A few of Lucy's pics .She's the tiny one and will be 6wks on Wednesday Oct 24/07


----------



## Lil Bell (Dec 21, 2005)

A few of Zipper...very out going,loves giving kisses


----------



## Lil Bell (Dec 21, 2005)

A few of Tiger ...He is more laid back then the rest but a very loving little guy .Think we have found him a wonderful home where he will be receiving lots of love and attention


----------



## Sinead-Rocky (Jul 9, 2006)

ooooooooo wow -I wish their were some brindle chi's in the UK - You wanna send one of them over  

They are all gorgeous babies 

Sinead x


----------



## pompom (Oct 1, 2007)

Beautiful


----------



## Jenilyn (Sep 9, 2007)

oh my goodness i love zipper so so much lol. he is beautiful!


----------



## Lin (Jun 7, 2006)

They are soooooooo cute! I think Tiger is so sweet. I love the white on his chest and paws.


----------



## Beadbimbo (Oct 5, 2007)

Omigosh!

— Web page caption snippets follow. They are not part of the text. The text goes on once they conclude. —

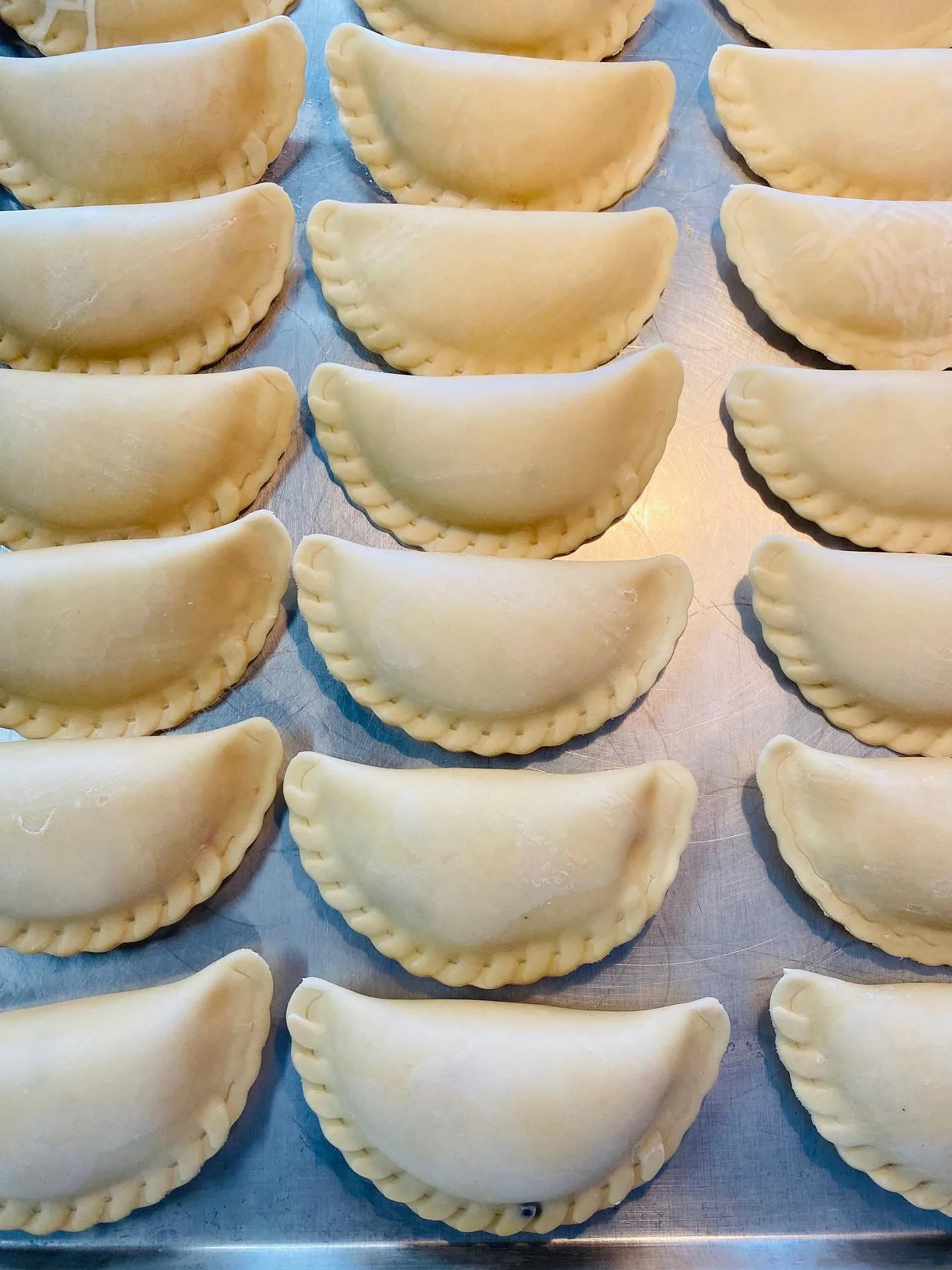 Actual uncooked Empanada Sonata batches arranged for production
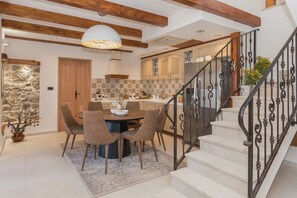 Een moderne keuken met houten balken, een eethoek met een ronde tafel en stoelen, en een trap met sierlijke leuningen.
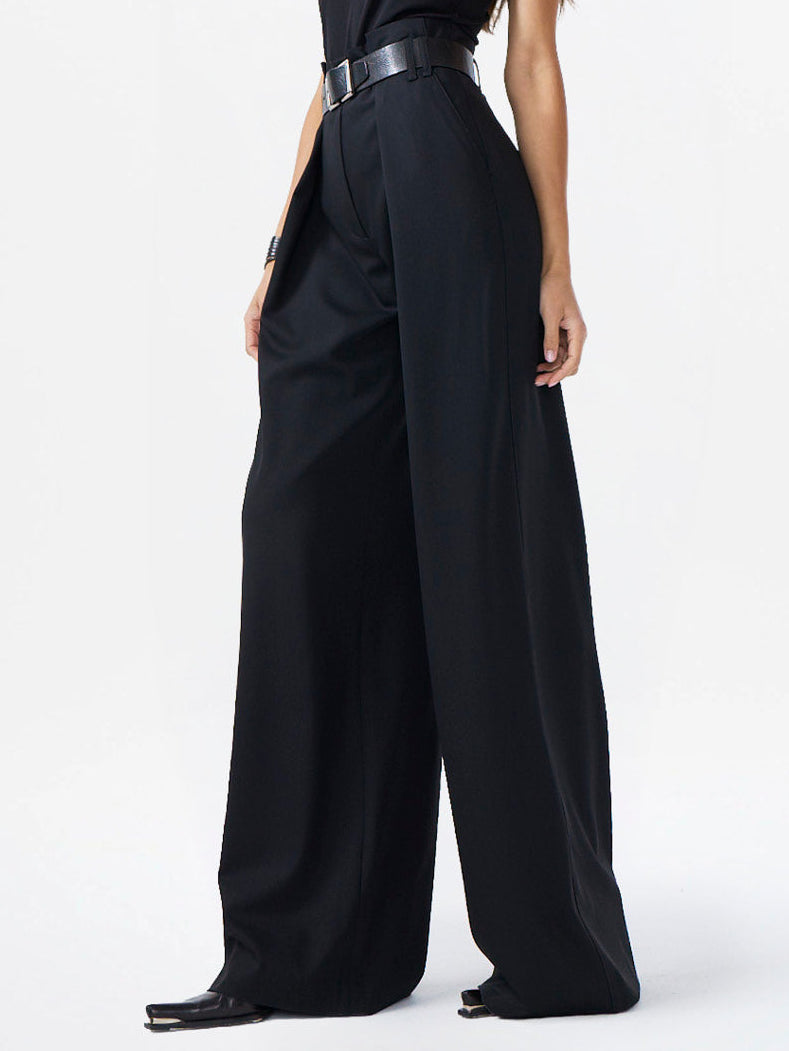 Woman wearing a black sleeveless jumpsuit on a white background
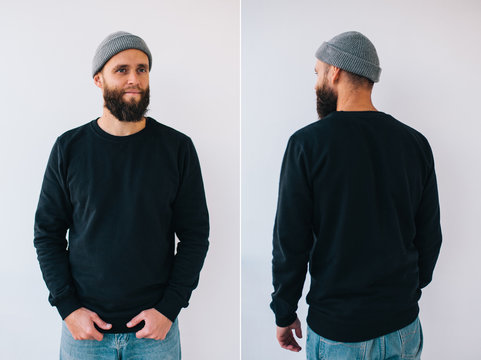 City Portrait Of Handsome Hipster Guy With Beard Wearing Black Blank Hoody Or Sweatshirt With Space For Your Logo Or Design. Front And Back View Mockup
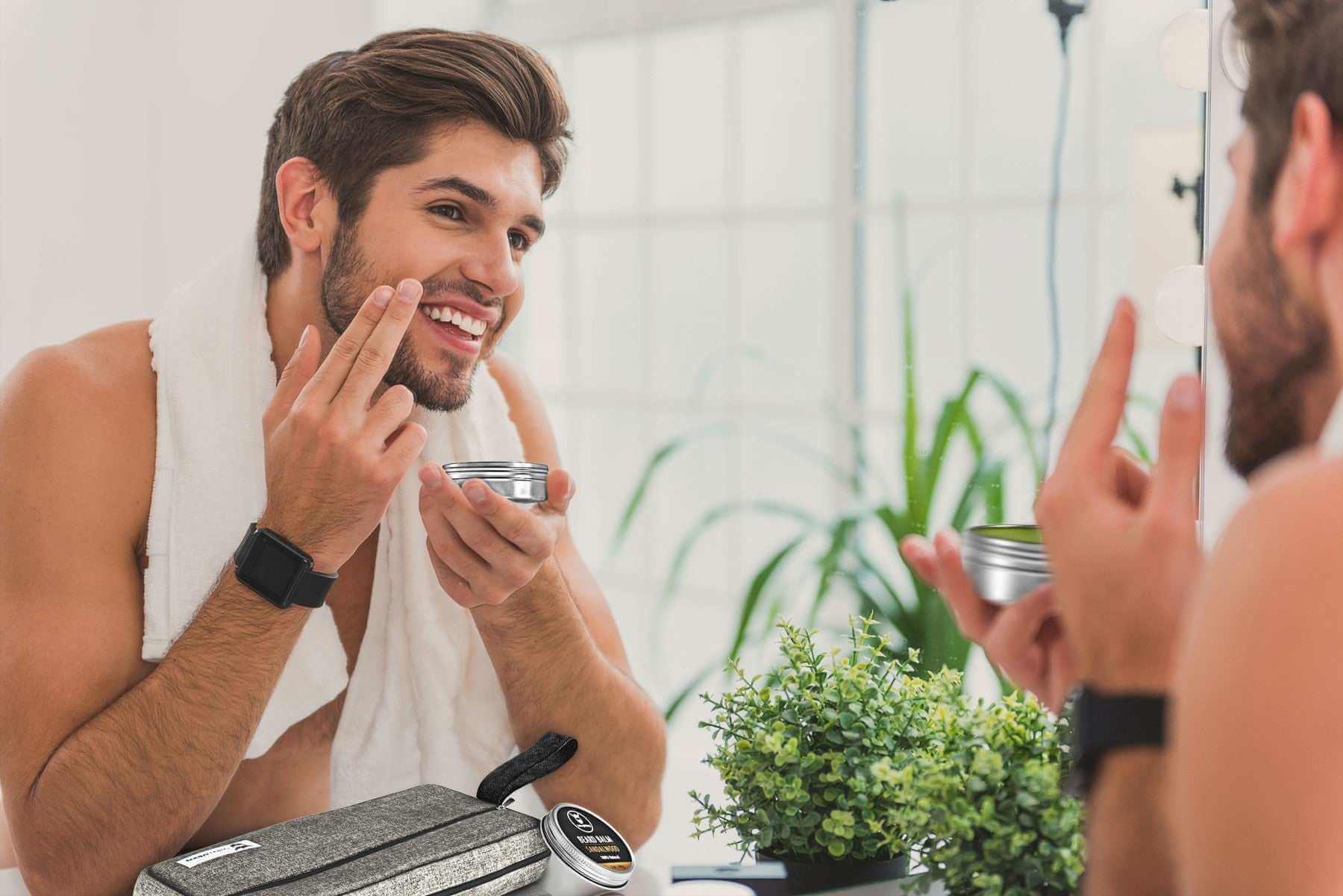 Man using beard grooming kit in front of mirror with toiletries and plants.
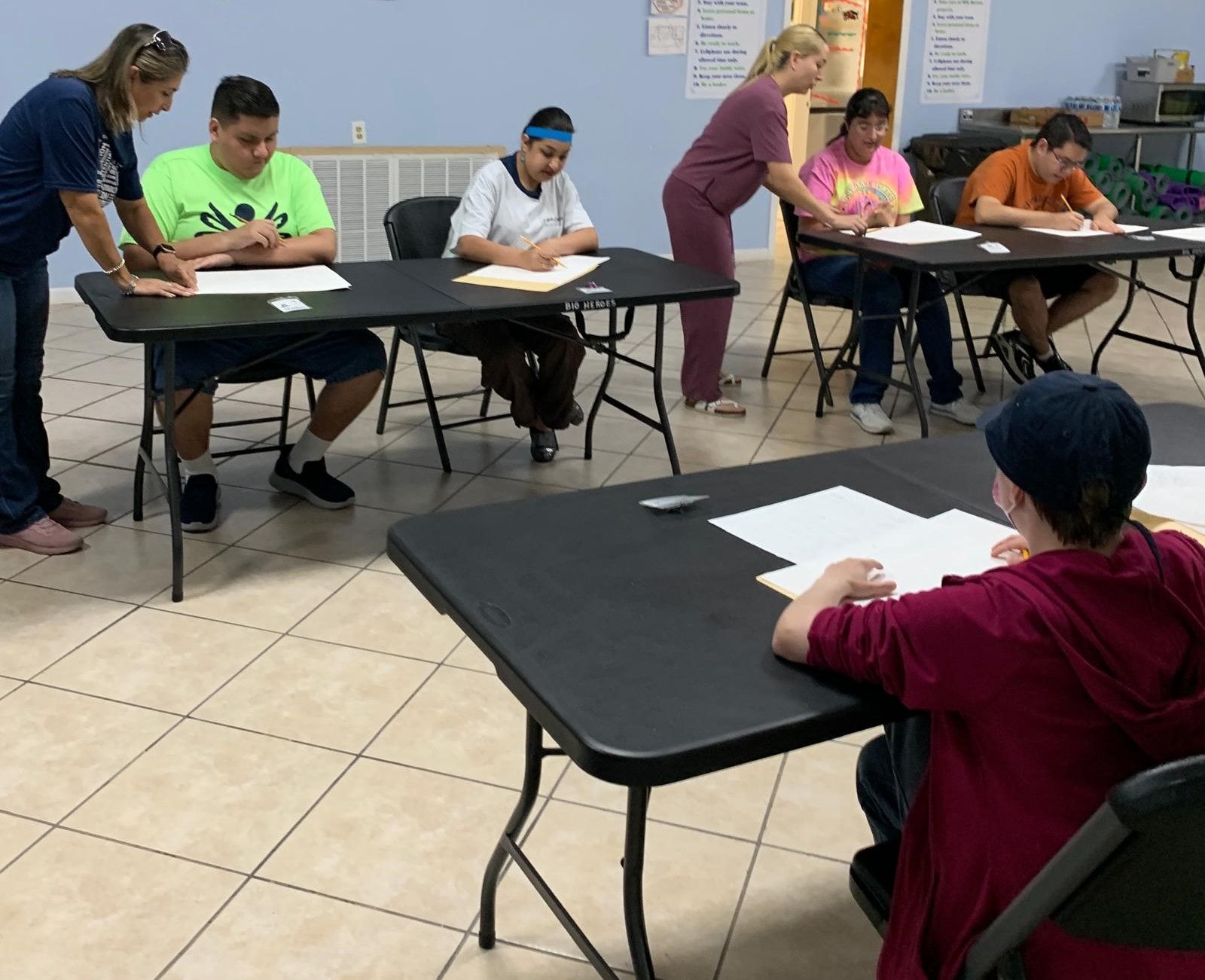 A group of people are sitting at tables in a room
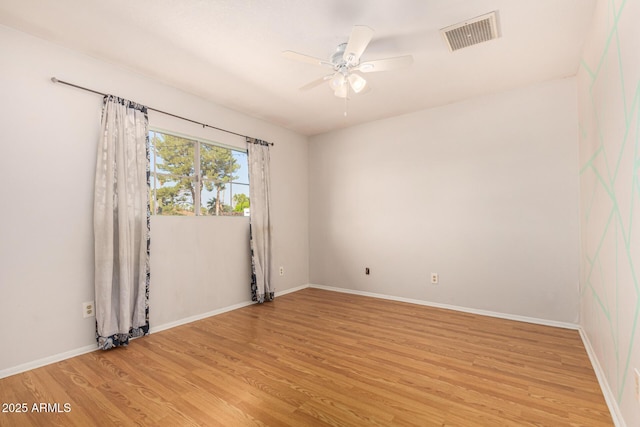 empty room with ceiling fan and light hardwood / wood-style floors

Just adorable!! Makes me want another!!!!


----------



## Yoshismom (Jul 6, 2005)

OMG! These are tooo cute for words


----------



## Katie (Apr 9, 2005)

How cute!! All three of them are so beautiful! I love Zipper :love5:


----------



## Guest (Oct 22, 2007)

OOOOOOOOOOOOOOOOOOOOOOOOOOOOOOOOOOOOOHHHHHHHHHHHHH

adorable.
Sweet....cute....

I just wanna pick em all up and squeeze them!!! (carefully of course)

Theyre just too sweet!!


----------



## *Lydz* (Mar 30, 2007)

Aawwwww they are such sweet babies


----------



## BellaLina's Mom (Mar 16, 2007)

Awwwwwww..........they are so tiny and adorable! I want them all.


----------